__Provided entries__:

============================================================

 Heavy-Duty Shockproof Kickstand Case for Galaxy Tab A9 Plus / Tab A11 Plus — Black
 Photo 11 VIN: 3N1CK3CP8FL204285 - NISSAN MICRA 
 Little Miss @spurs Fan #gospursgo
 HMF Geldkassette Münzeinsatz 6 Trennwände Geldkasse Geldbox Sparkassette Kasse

============================================================

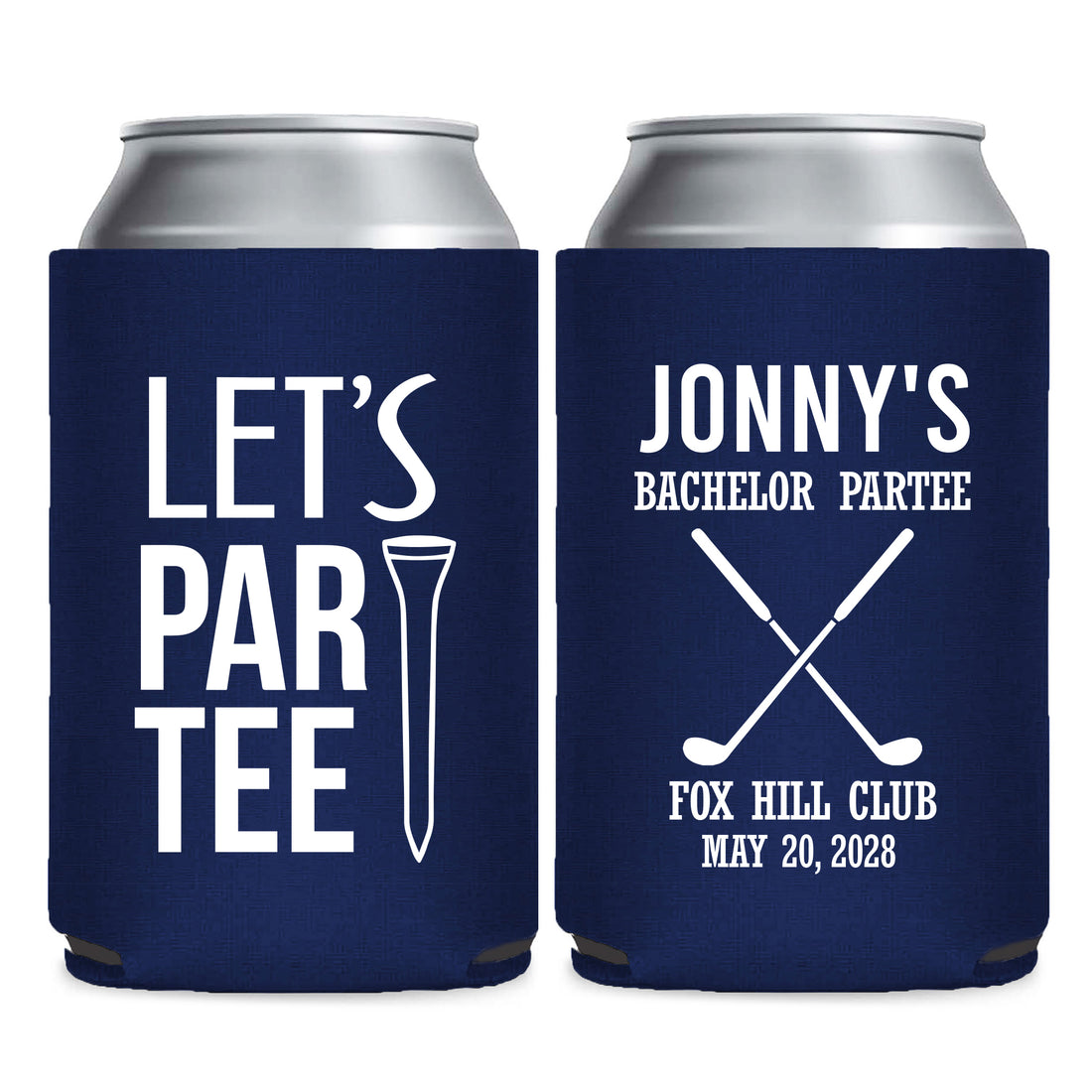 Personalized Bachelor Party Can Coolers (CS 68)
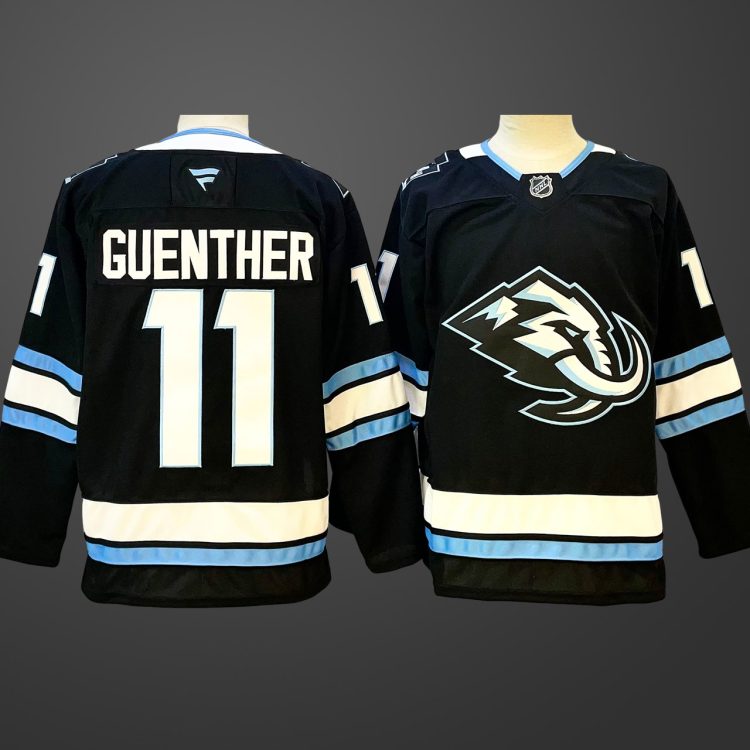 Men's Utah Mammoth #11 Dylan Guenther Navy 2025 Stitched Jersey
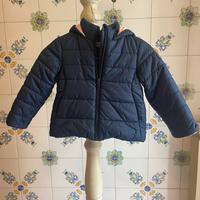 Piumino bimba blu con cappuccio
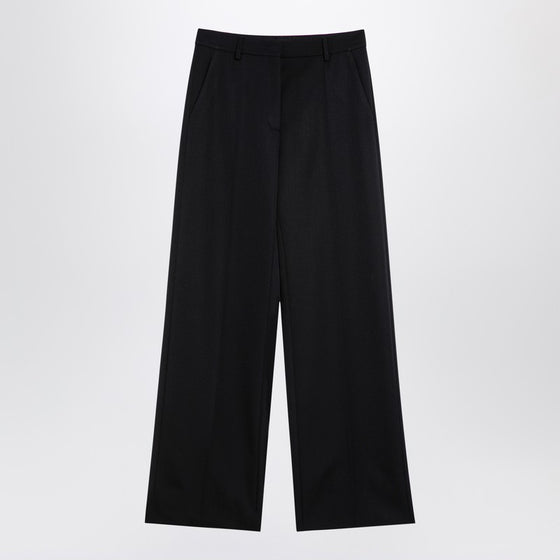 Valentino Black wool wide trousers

============================================================

__Your task__: Make an exact copy of the lines above, beginning with the line with "Men's Utah Mammoth" and ending with the line with "Valentino Black wool wide trousers", and keep the pictures out of it.

__Solution__:
 Men's Utah Mammoth #11 Dylan Guenther Navy 2025 Stitched Jersey
 Piumino bimba blu con cappuccio
 Valentino Black wool wide trousers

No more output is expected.